* [ABOUT THIS EXERCISE] Find the line that contains "A spacious living" in the entries below. Restate it and every line after it, word for word, with no pictures.

[Image-text web data]
== Segment start ==

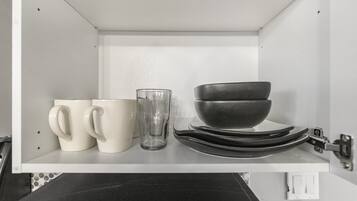 A kitchen shelf with white mugs, a clear glass, and stacked black bowls.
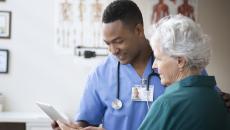 Health care team member reviewing medical history with patient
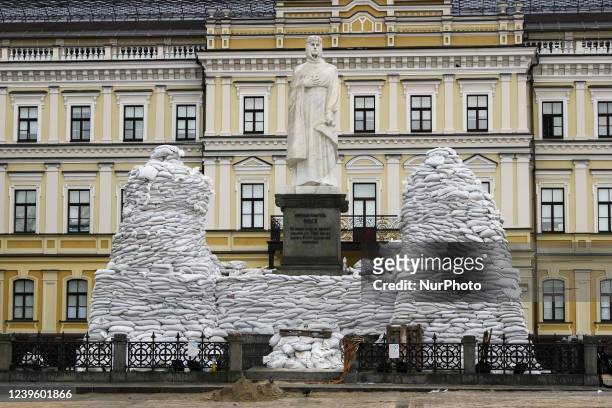 Volunteers cover a monument of the Princess Olga, Apostle Andrew, Cyril and Methodius of sand bags for protection as Russia's invasion of Ukraine...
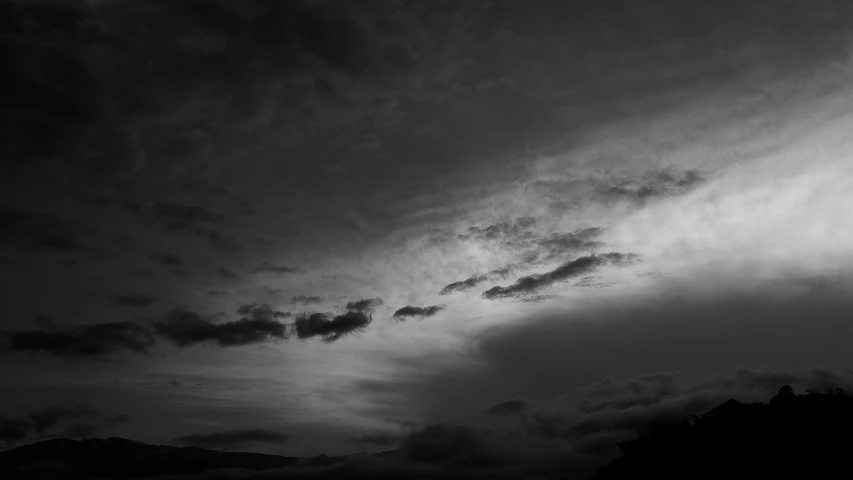 a cloudy sky with trees in the background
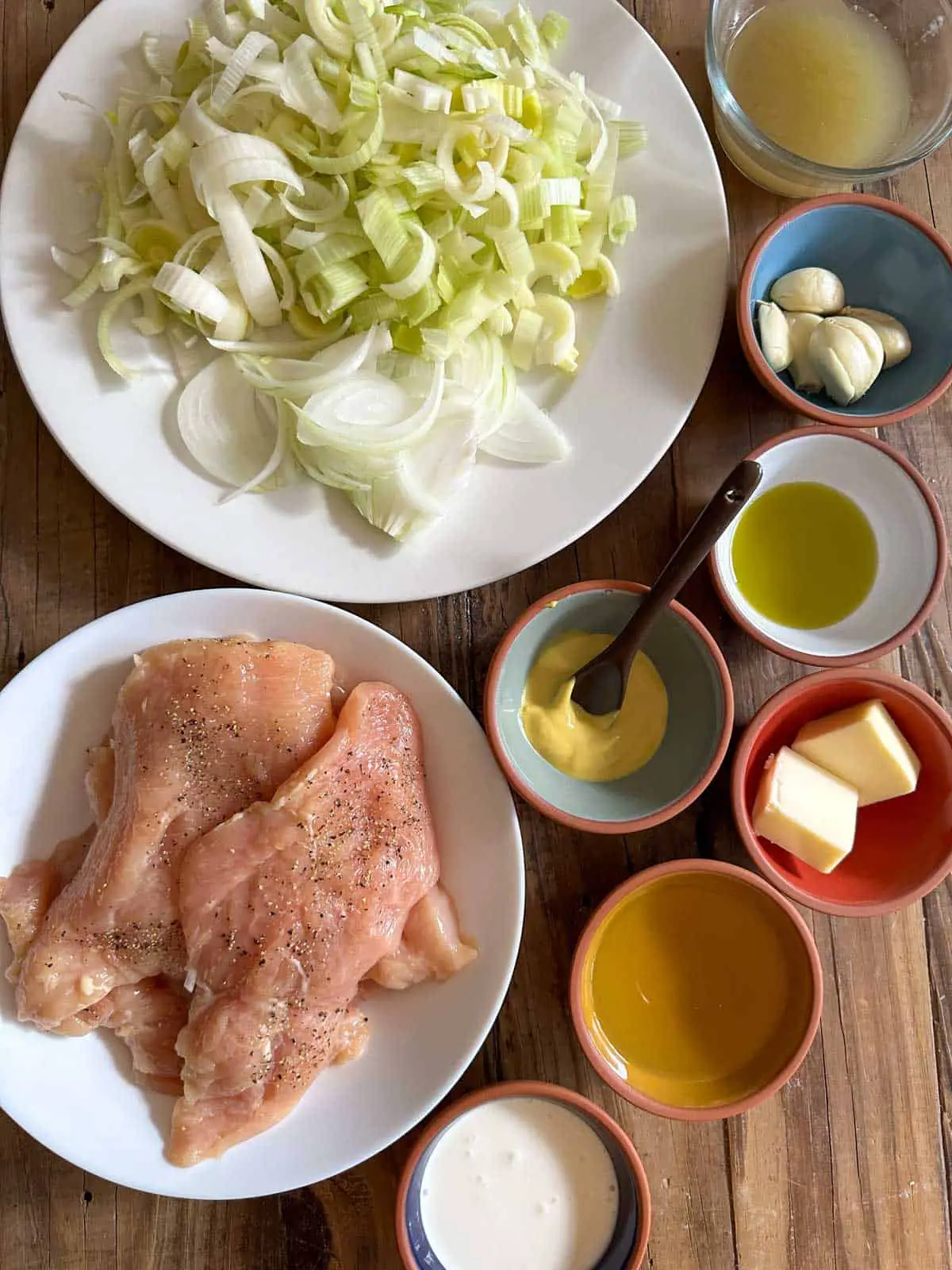 A white bowl filled with sliced leeks and onions, and another white bowl containing seasoned chicken breasts. Small bowls containing chicken broth, garlic, olive oil, mustard, butter, wine, and heavy cream.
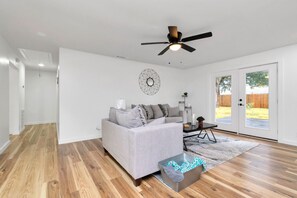 A spacious living room with a grey sofa, a ceiling fan, and a large sliding glass door leading to a backyard. - Farmhouse Modern Home (Houston)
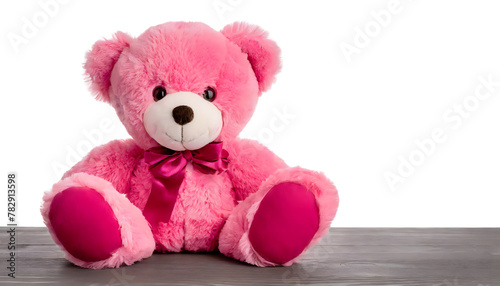 Seated pink teddy bear on white background. Soft cure fluffy plush toy. Stuffed animal. © Patrick Helmholz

== Segment end ==

* [ANSWER]
 A spacious living room with a grey sofa, a ceiling fan, and a large sliding glass door leading to a backyard. - Farmhouse Modern Home (Houston)
 Seated pink teddy bear on white background. Soft cure fluffy plush toy. Stuffed animal. © Patrick Helmholz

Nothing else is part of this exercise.